Desconcertados, procuramos contener esa parte de nosotros que se lo apropiaría sin pestañear, que nos lloriquea y nos ruega que tomemos el trago que nos ofrece la vida, antes de que esta caiga en la cuenta de que se ha equivocado y nos quite la miel de la boca. Pero cuesta rechazar la esperanza, y el deseo quiere hacerse valer: cosas más raras se han visto. ¿Y si resulta que algo ha cambiado en los bastidores del destino? ¿Y si por una vez nos ha tocado la lotería cósmica y la suerte sí era para nosotros? ¿Y si un dios loco se ha puesto a lanzar fortunas a voleo, para quien las recoja, como los reyes antiguos echaban monedas a su paso en días de celebración? ¿Y si, como canta Sabina, “algunas veces, cuando menos te lo esperas, va el diablo y se pone de tu parte”?
Pero algo lúcido en nosotros aún se resiste: suspicaces, consideramos en seguida que no puede ser, que tiene que tratarse de una confusión, que en seguida vendrán a arrebatarnos nuestro tesoro diciéndonos que era para otro. Mercurio, el mensajero, visita a veces al destinatario equivocado. Esa decepción da miedo, y es una buena razón para mantenerse cauto. Aunque, por otra parte, demasiada prudencia podría escatimarnos una suerte legítima, y hacernos despreciar la oportunidad de un disfrute. No siempre es fácil distinguir lo que nos corresponde y lo que no, y aun menos lo que es ocasional e impostor de lo que podría cambiar realmente nuestra vida.

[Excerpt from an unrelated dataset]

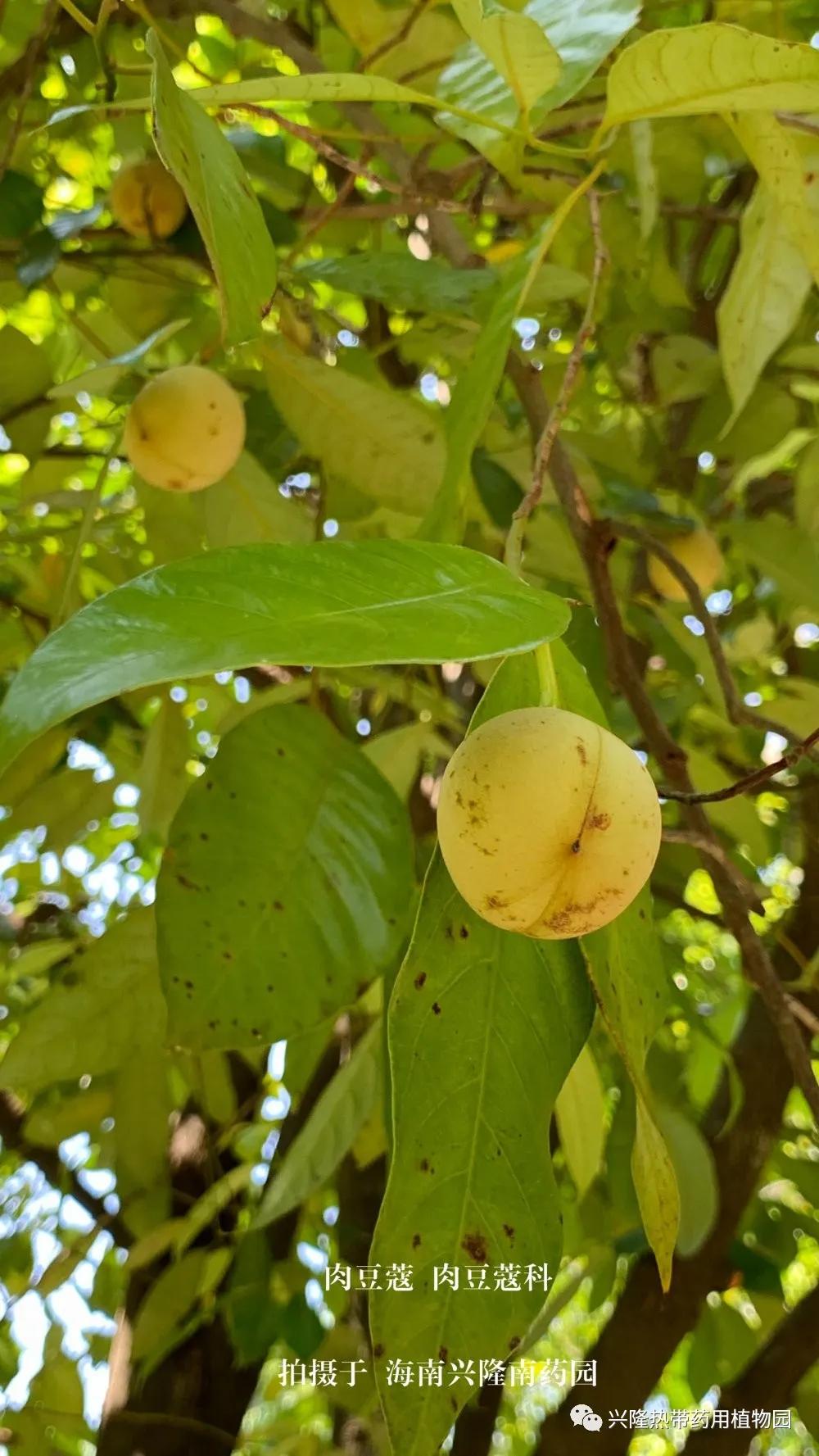 南药科普视频,南药科普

No, no es fácil, y hay muchas probabilidades de que, hagamos lo que hagamos, nos equivoquemos. Pero tal vez tengamos que revisar nuestras convicciones y, aun hallándonos ante un destino cambiado, abrir la ventana a los extravagantes cantos del guateque de Dionisos. No hace falta que las apariencias sean certeras, ni que nos acaricien los velos de una ninfa hechicera. Quizá se trate, más bien, de atender a los estremecimientos del deseo, sondear lo que germina en lo recóndito del alma. Quizá la oportunidad no consista en que alguien venga a querernos, sino encontrar despierta el hambre del querer. Quizá la invitación a bailar no signifique más que eso, la ocasión de una danza, y nos esté inquiriendo sobre nuestras ganas olvidadas de bailar. Tal vez no sea el destino lo que ha cambiado, sino nuestros sueños.